● **TASK ITEM**
Transcribe nothing except the lines below that run from the one with "Traditional Quadruple Room photo 1" to the one with "سكنس فحل كامله", ends included, and do not copy any picture.

● **AVAILABLE RECORDS**
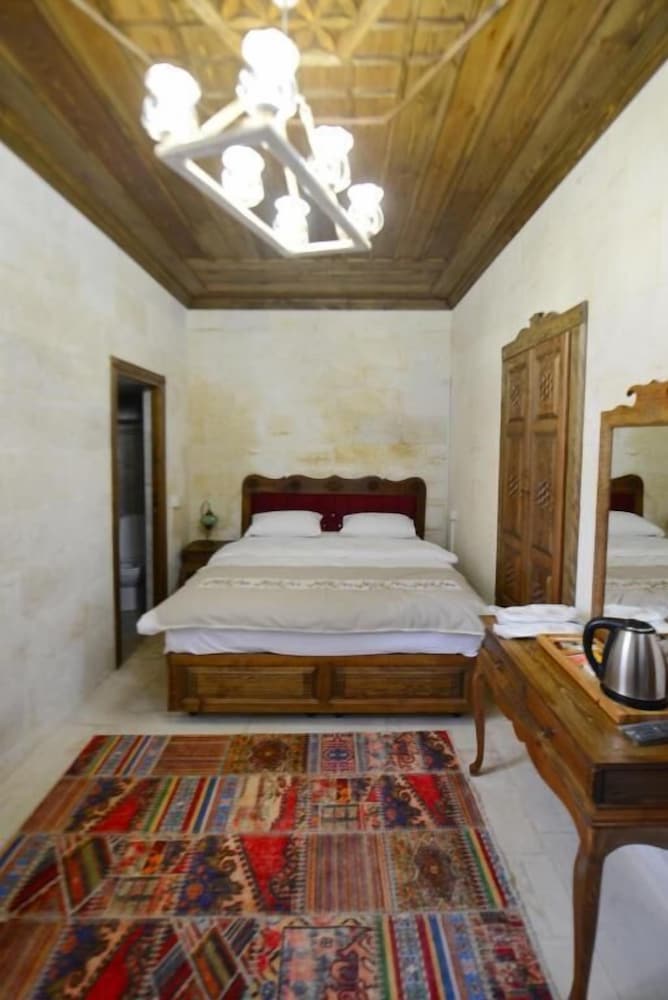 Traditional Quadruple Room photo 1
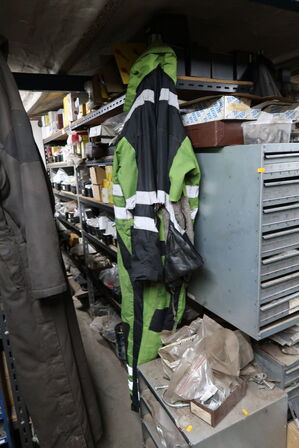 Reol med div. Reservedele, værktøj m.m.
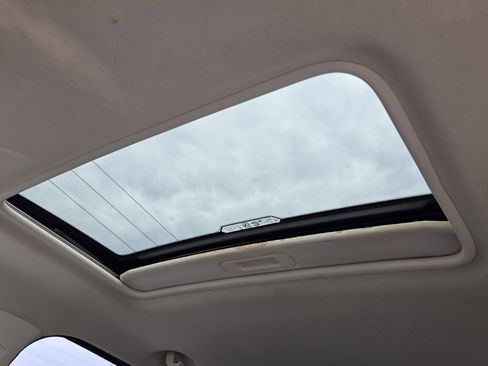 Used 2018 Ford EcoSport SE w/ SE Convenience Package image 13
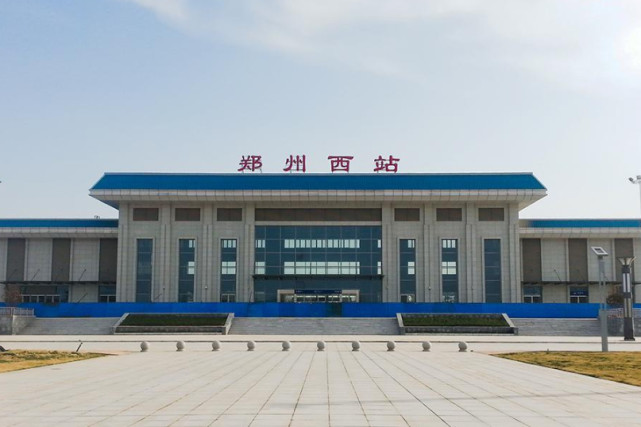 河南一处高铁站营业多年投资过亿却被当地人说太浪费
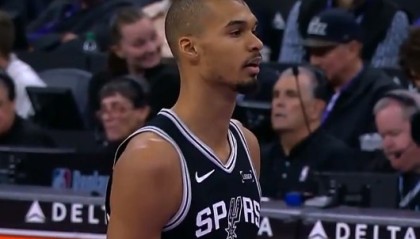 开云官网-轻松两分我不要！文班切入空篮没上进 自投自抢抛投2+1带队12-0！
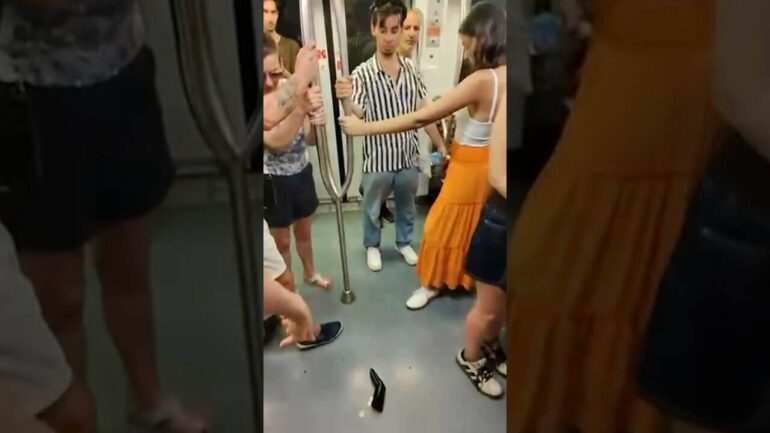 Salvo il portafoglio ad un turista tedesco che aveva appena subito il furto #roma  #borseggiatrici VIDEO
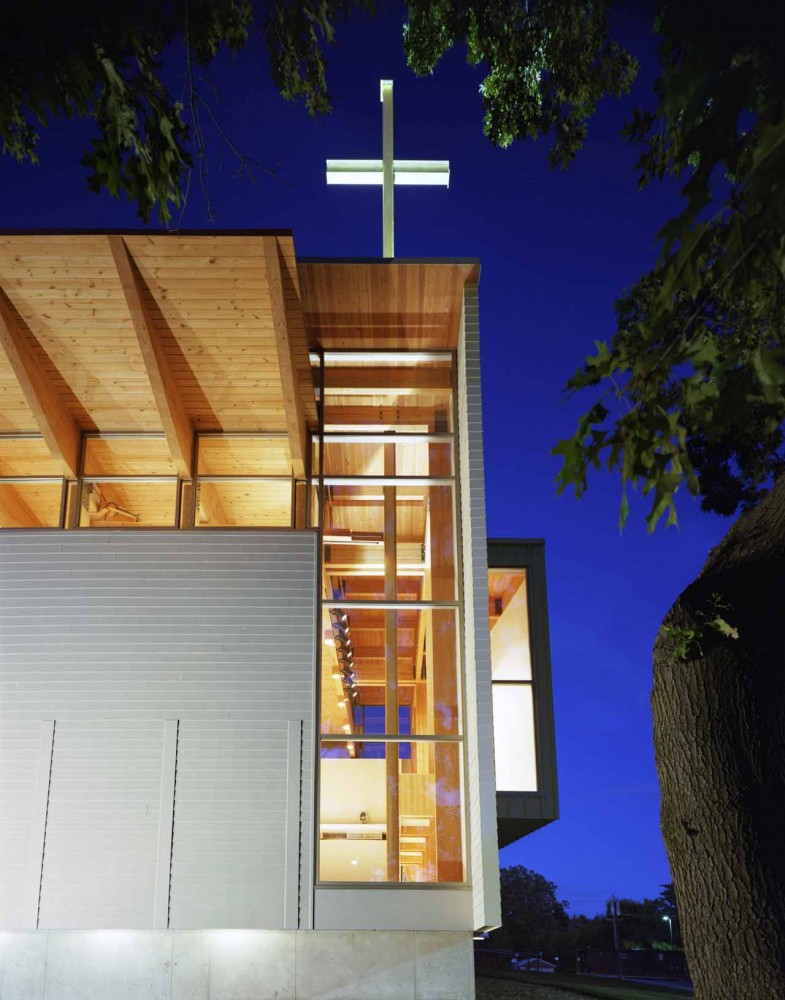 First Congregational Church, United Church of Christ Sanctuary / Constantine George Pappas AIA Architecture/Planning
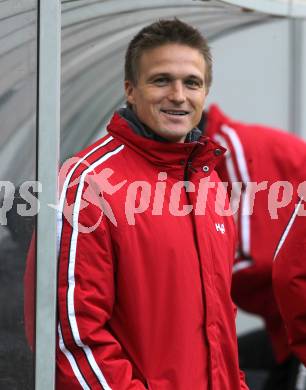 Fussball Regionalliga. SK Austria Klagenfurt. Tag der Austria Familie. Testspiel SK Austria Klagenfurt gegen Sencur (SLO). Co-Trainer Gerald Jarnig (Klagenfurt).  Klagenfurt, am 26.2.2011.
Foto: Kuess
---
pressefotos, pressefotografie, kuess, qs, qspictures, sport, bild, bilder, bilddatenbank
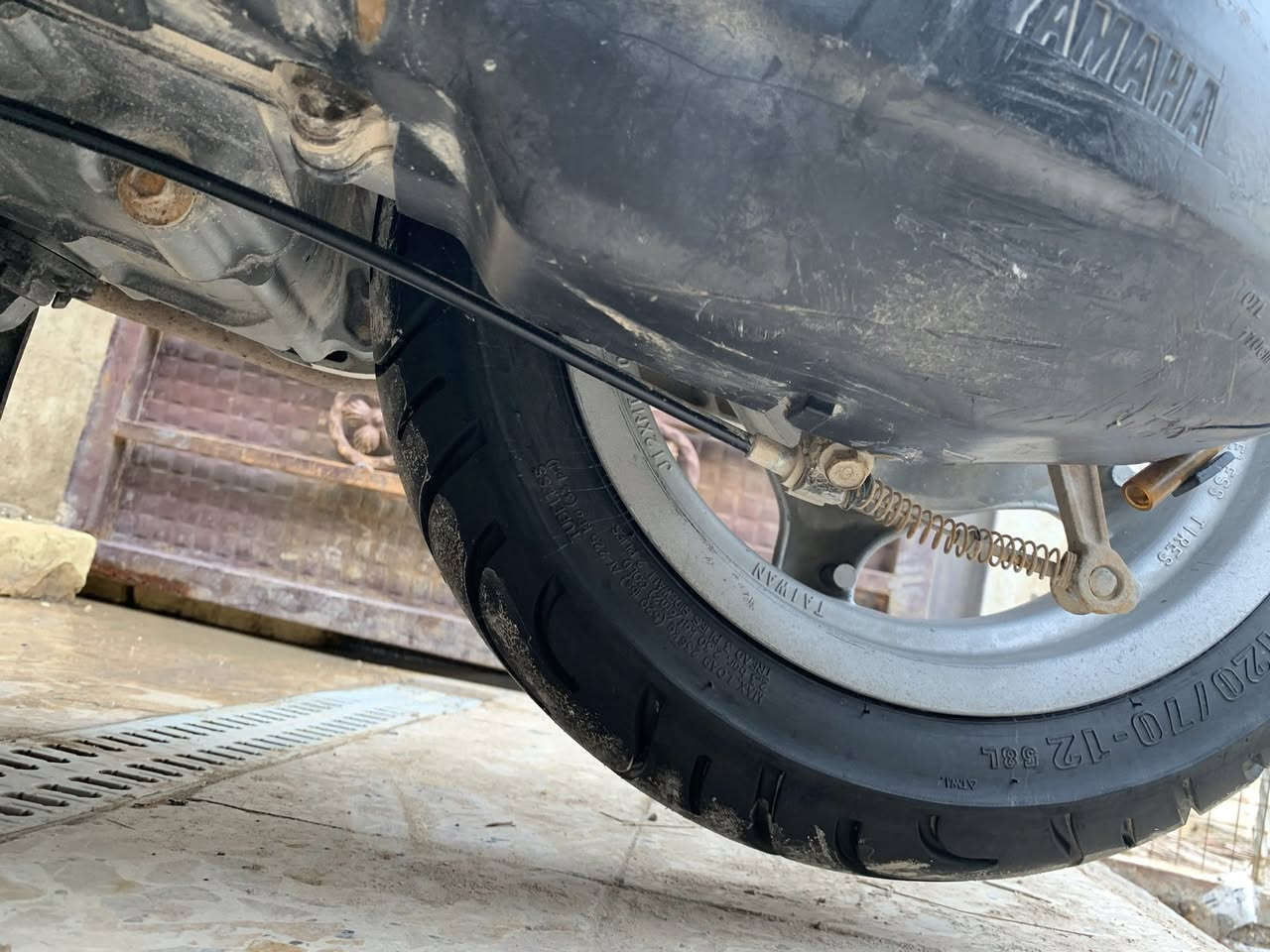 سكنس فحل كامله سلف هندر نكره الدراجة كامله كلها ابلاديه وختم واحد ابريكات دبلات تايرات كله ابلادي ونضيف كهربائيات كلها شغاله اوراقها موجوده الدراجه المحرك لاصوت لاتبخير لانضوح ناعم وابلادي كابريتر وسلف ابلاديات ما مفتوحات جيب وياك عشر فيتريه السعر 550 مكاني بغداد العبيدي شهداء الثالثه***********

* * *

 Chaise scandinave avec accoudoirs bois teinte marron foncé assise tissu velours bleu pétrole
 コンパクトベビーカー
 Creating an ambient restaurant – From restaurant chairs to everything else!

● **ANSWER FOR THE TASK**
 Traditional Quadruple Room photo 1
 Reol med div. Reservedele, værktøj m.m.
 Used 2018 Ford EcoSport SE w/ SE Convenience Package image 13
 河南一处高铁站营业多年投资过亿却被当地人说太浪费
 开云官网-轻松两分我不要！文班切入空篮没上进 自投自抢抛投2+1带队12-0！
 Salvo il portafoglio ad un turista tedesco che aveva appena subito il furto #roma  #borseggiatrici VIDEO
 First Congregational Church, United Church of Christ Sanctuary / Constantine George Pappas AIA Architecture/Planning
 Fussball Regionalliga. SK Austria Klagenfurt. Tag der Austria Familie. Testspiel SK Austria Klagenfurt gegen Sencur (SLO). Co-Trainer Gerald Jarnig (Klagenfurt).  Klagenfurt, am 26.2.2011.
Foto: Kuess
---
pressefotos, pressefotografie, kuess, qs, qspictures, sport, bild, bilder, bilddatenbank
 سكنس فحل كامله سلف هندر نكره الدراجة كامله كلها ابلاديه وختم واحد ابريكات دبلات تايرات كله ابلادي ونضيف كهربائيات كلها شغاله اوراقها موجوده الدراجه المحرك لاصوت لاتبخير لانضوح ناعم وابلادي كابريتر وسلف ابلاديات ما مفتوحات جيب وياك عشر فيتريه السعر 550 مكاني بغداد العبيدي شهداء الثالثه***********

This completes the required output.